Glenn Linderman wrote:
On approximately 1/31/2006 12:06 PM, came the following characters from
the keyboard of Linda W:
The NT-based registry uses 16-bit binary "blobs" (wchar_t) that
are not, *strictly*, interpretable as UTF-16, UCS2 or any standard
character set.
Could you elucidate this "*strictly*" comment, or provide a doc ref that
explains it further?
---
Sorry to beat a dead registry-interface, but I received an
email from someone within MS that points to documents where this is more
accurately described:
http://msdn.microsoft.com/library/default.asp?url=/library/en-us/intl/unicode_8zzn.asp
"Whenever a function has a length parameter for a character string, the length
should be documented as a count of TCHAR values in the string. This refers to
bytes for Windows code page ("ANSI") versions of the function or 16-bit words
for Unicode versions."
http://msdn.microsoft.com/library/default.asp?url=/library/en-us/intl/unicode_90hf.asp
"The value returned by the lstrlen function is always based on normal character
width: 8 bits for Windows code pages, 16 bits for Unicode. This is often
referred to as a "count of characters", but that is not strictly correct,
because Windows code pages that use double-byte character sets have some "full
width" characters that are actually represented by two consecutive bytes; a
similar situation arises for surrogates in Unicode."
and
http://msdn.microsoft.com/library/default.asp?url=/library/en-us/intl/unicode_192r.asp
"Windows applications normally use Unicode UTF-16 to represent character data.

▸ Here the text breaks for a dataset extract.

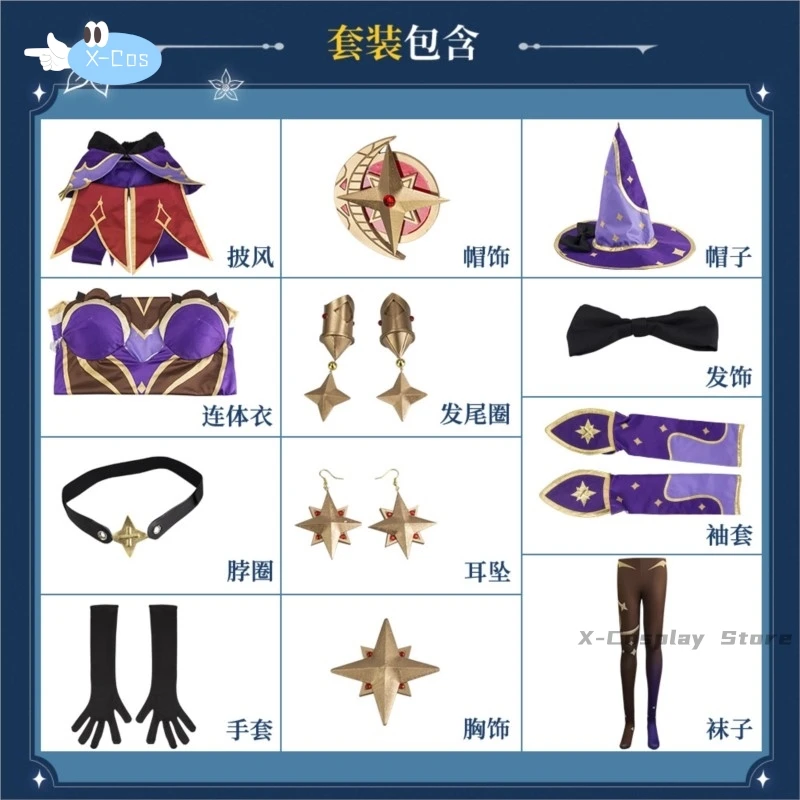 Мона костюмы для косплея аниме игра Genshin Impact комбинезон костюм на Хэллоуин женщин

16 bits would allow direct representation of 65,536 unique characters, but this
Basic Multilingual Plane (BMP) is not nearly enough to cover all of the symbols
used in human languages: Unicode version 4.1 includes over 97,000 characters,
with over 70,000 characters for Chinese alone."
"Windows 2000 introduced support for basic input, output, and simple sorting of
supplementary characters. However, not all system components are compatible with
supplementary characters. Also, supplementary characters are not supported in
Windows 95/98/Me."
"... note that Windows versions prior to Windows XP disable supplementary
character support by default. (Windows XP and later systems enable supplementary
characters by default.) "